## Data listing
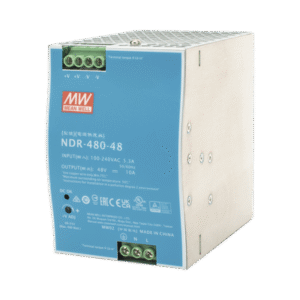 Fuente de Poder Industrial de 480W, salida 48 Vcc, para montaje en riel Din Fuente de Poder Industrial de 480W, salida 48 Vcc, para montaje en riel Din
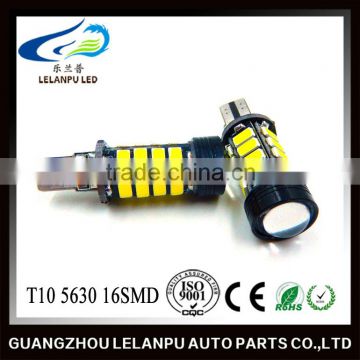 Hot Sale Auto LED Light Bulb T10 5630 16SMD Canbus W5W 12V Led Car Light Led Decoration Light car led light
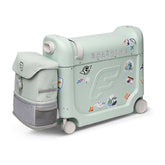 Stokke Jetkids BedBox + Crew Backpack Travel Bundle-Green_1 - ANB Baby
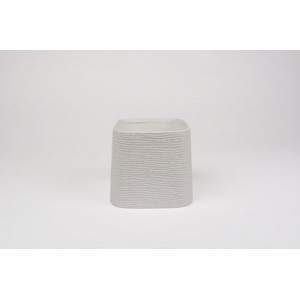 D&amp;M Vase faddy white ceramic 15 cm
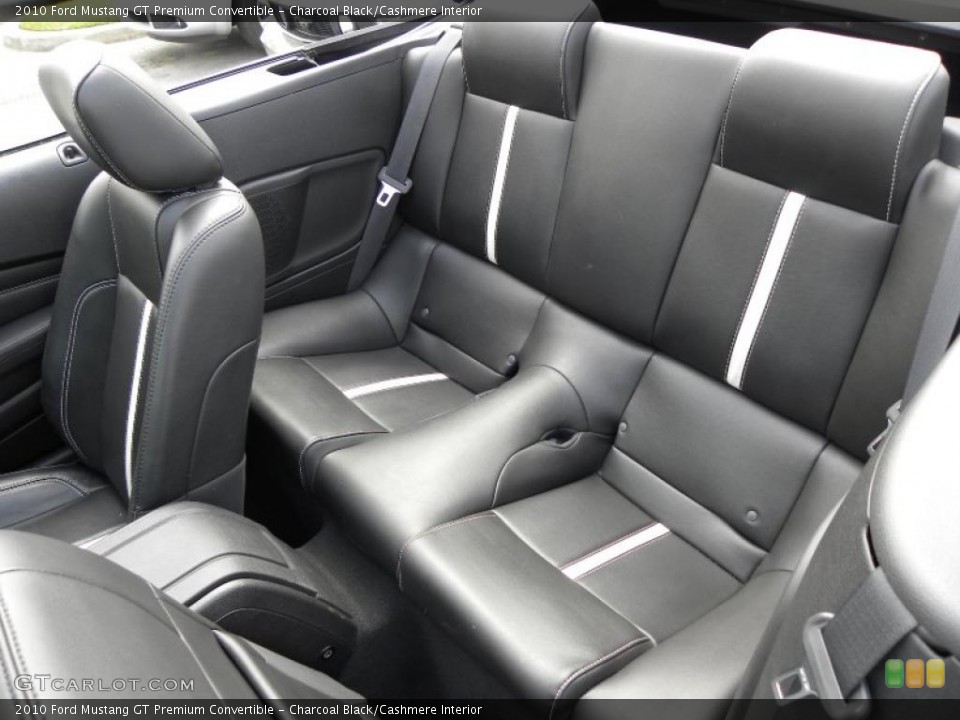 Charcoal Black/Cashmere Interior Photo for the 2010 Ford Mustang GT Premium Convertible #46998717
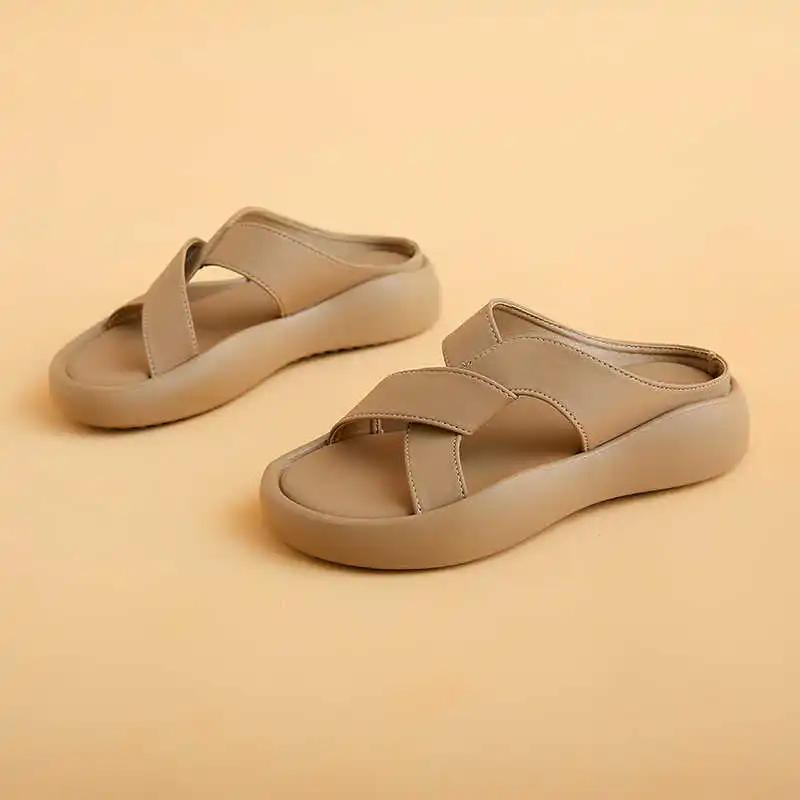 Fashion Summer Light Weight White Sandal For Women Sneakers Beige Shoes Unusual Slippers Sport Exercise High Quality Supplies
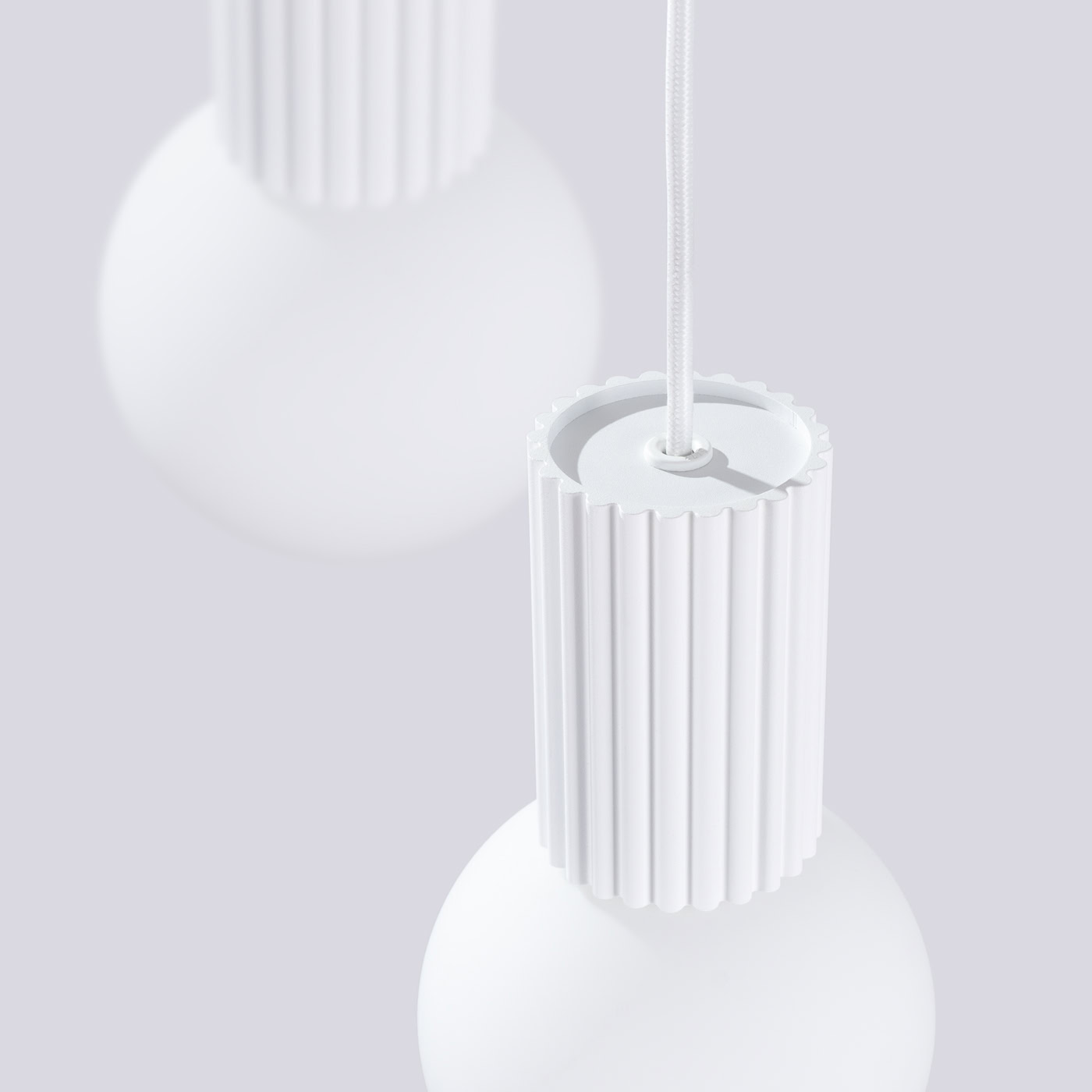 Lampa wisząca HALO 3P biała SL.1710 - Sollux Lighting - obrazek 7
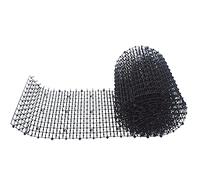 Ujjdwiurgh MéNage Jardin Chat Scat Tapis Piquant Bande Anti Chat Chien RéPulsif Dissuasif Spike Tapis Jardin Fleur Plante-Noir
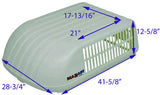 MA00-325001 MaxAir One Piece Condenser Cover RV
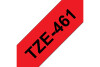 PTOUCH Ruban, laminé noir/rouge TZe-461 PT-3600 36 mm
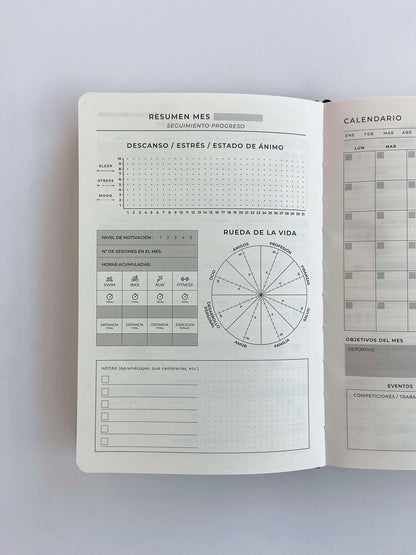 Agenda sin fechas - The Athlete Planner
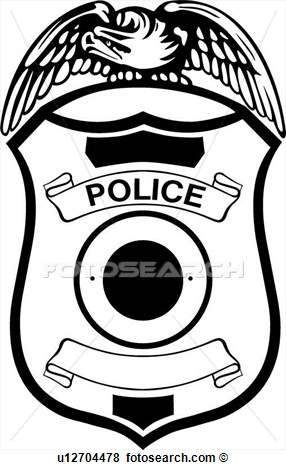 Vector Police Badge Clip Art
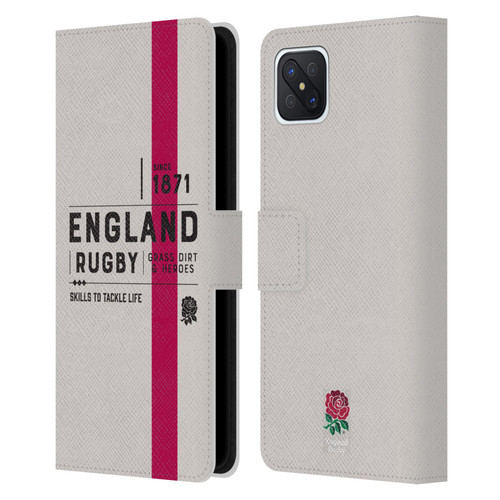 England Rugby Union History Since 1871 Leather Book Wallet Case Cover For OPPO Reno4 Z 5G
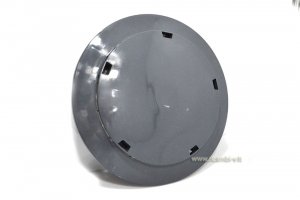 Grey plastic hub cap 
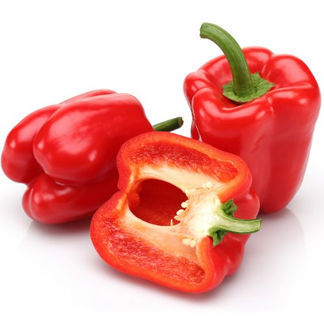 "Red bell peppers"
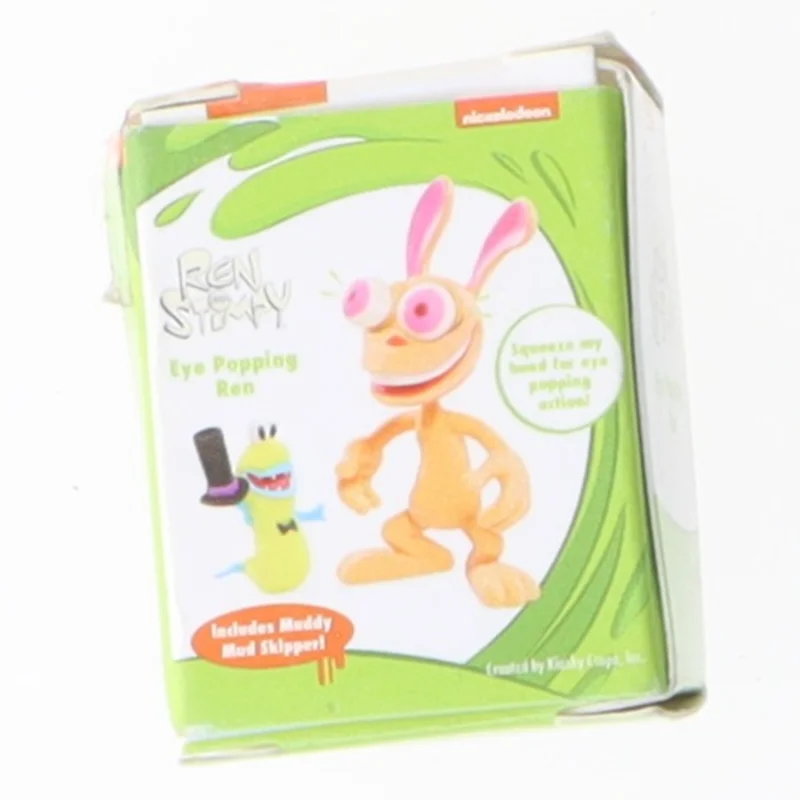 Ren & Stimpy - Eye Popping Ren figur fra Nickelodeon (str. 3x2,5 cm)
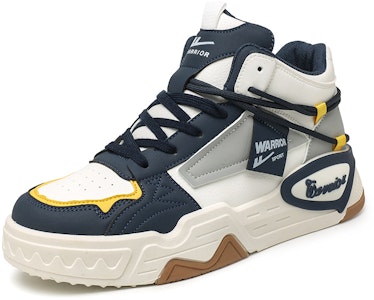 Warrior High-Top 'Beige Deep Blue' Sepatu Sneaker Tinggi WBN(JS)-129102 Lookbook Warrior High-Top 'Beige Deep Blue' Sepatu Sneaker Tinggi WBN(JS)-129102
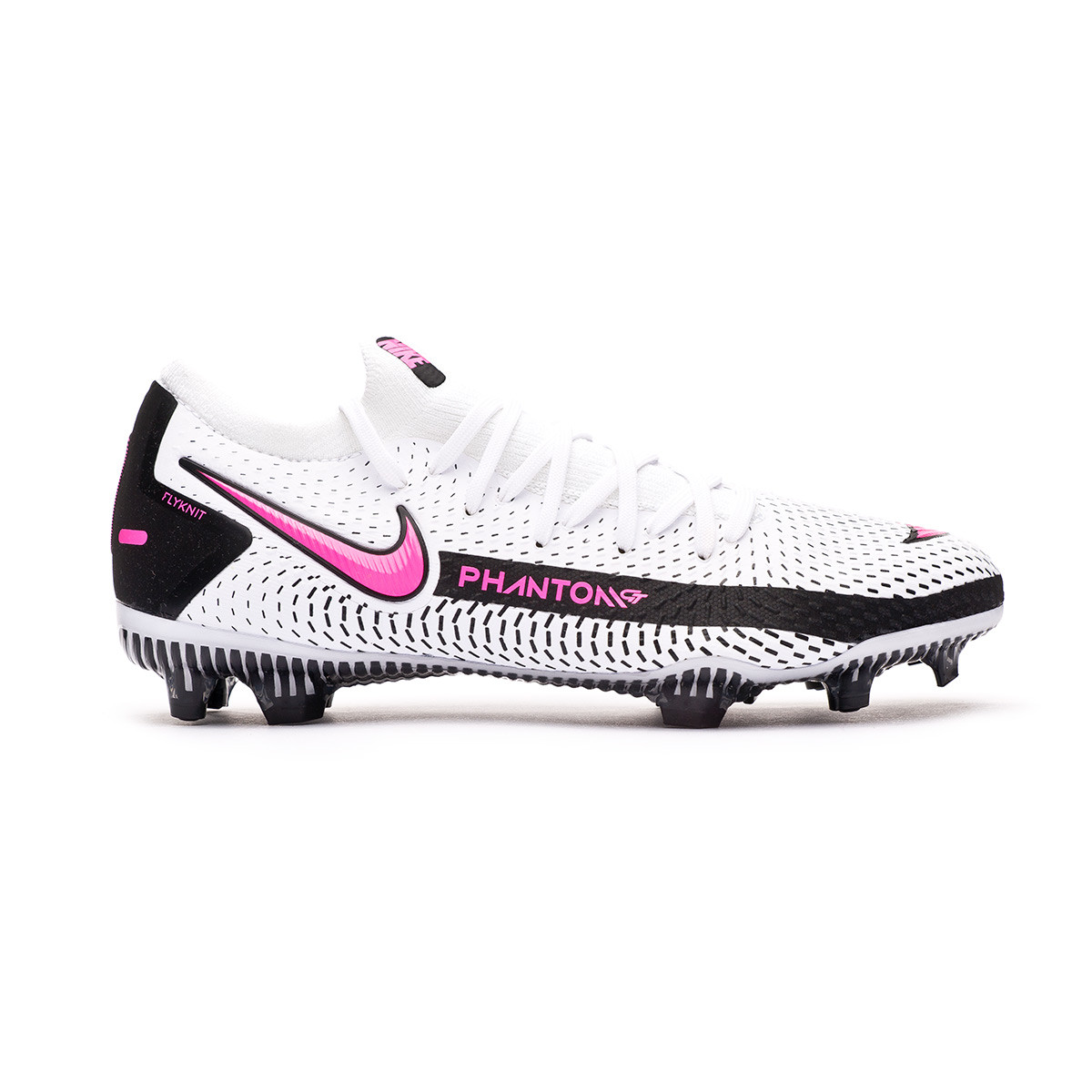 pink and white nike boots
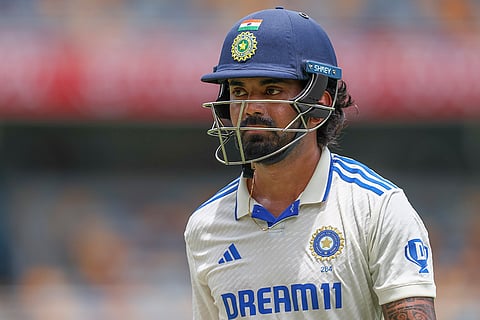 India Vs Australia, 3rd Test Day 4: India's KL Rahul walks off the field after losing his wicket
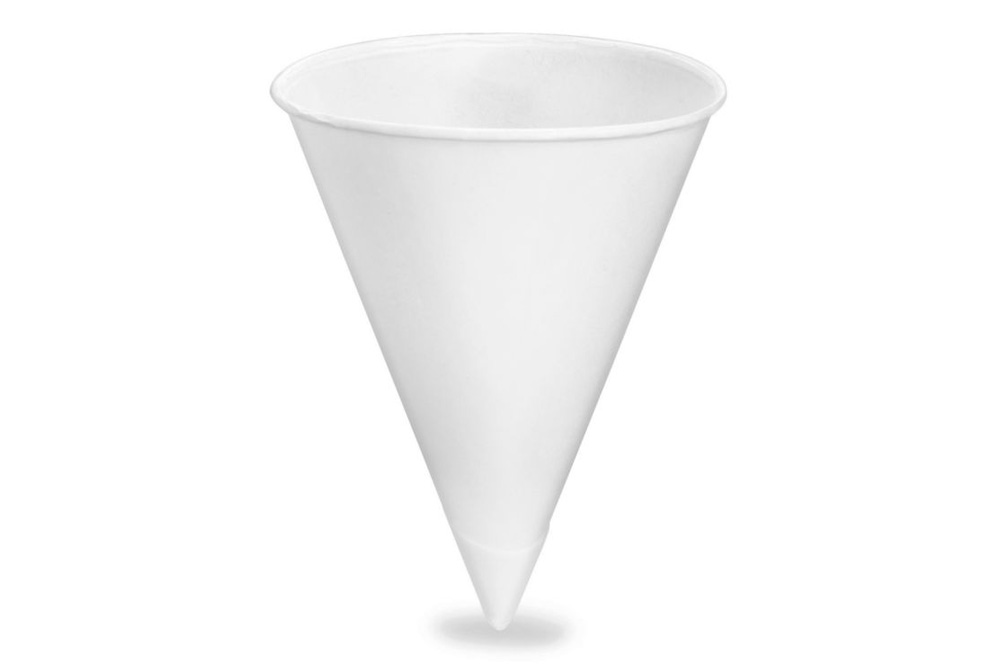 Solo Paper Cone Cup, 4.25oz, 25/200ct Cardboard Packages, 5000/Case - Image 3
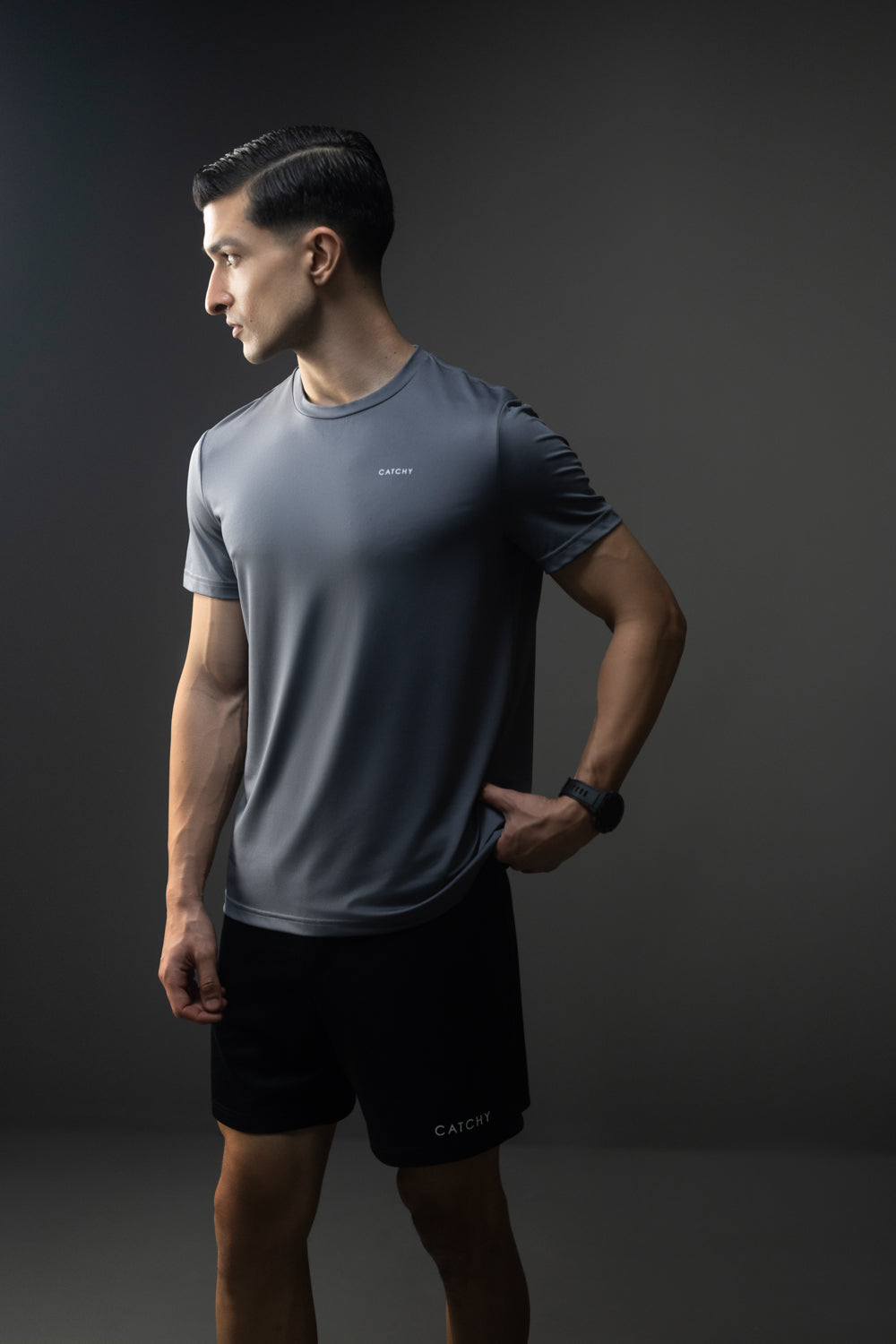 COLD GREY T-SHIRT DRY FIT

## Task requirements
The line with "Grey plastic hub cap" marks the start, and the last line of the material marks the end. Reproduce exactly those two lines and every line between them, without the pictures.

## Response to the exercise
 Grey plastic hub cap 
 "Red bell peppers"
 Ren & Stimpy - Eye Popping Ren figur fra Nickelodeon (str. 3x2,5 cm)
 Warrior High-Top 'Beige Deep Blue' Sepatu Sneaker Tinggi WBN(JS)-129102 Lookbook Warrior High-Top 'Beige Deep Blue' Sepatu Sneaker Tinggi WBN(JS)-129102
 pink and white nike boots
 India Vs Australia, 3rd Test Day 4: India's KL Rahul walks off the field after losing his wicket
 Solo Paper Cone Cup, 4.25oz, 25/200ct Cardboard Packages, 5000/Case - Image 3
 COLD GREY T-SHIRT DRY FIT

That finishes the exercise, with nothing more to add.